* _Task details_
The lines below that include "with" are to be found and copied.

* _Data below_
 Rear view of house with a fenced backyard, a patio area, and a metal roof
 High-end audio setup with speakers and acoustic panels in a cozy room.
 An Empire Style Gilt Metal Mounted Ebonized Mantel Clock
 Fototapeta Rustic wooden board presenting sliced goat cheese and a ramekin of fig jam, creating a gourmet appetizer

* _Task solution_
 Rear view of house with a fenced backyard, a patio area, and a metal roof
 High-end audio setup with speakers and acoustic panels in a cozy room.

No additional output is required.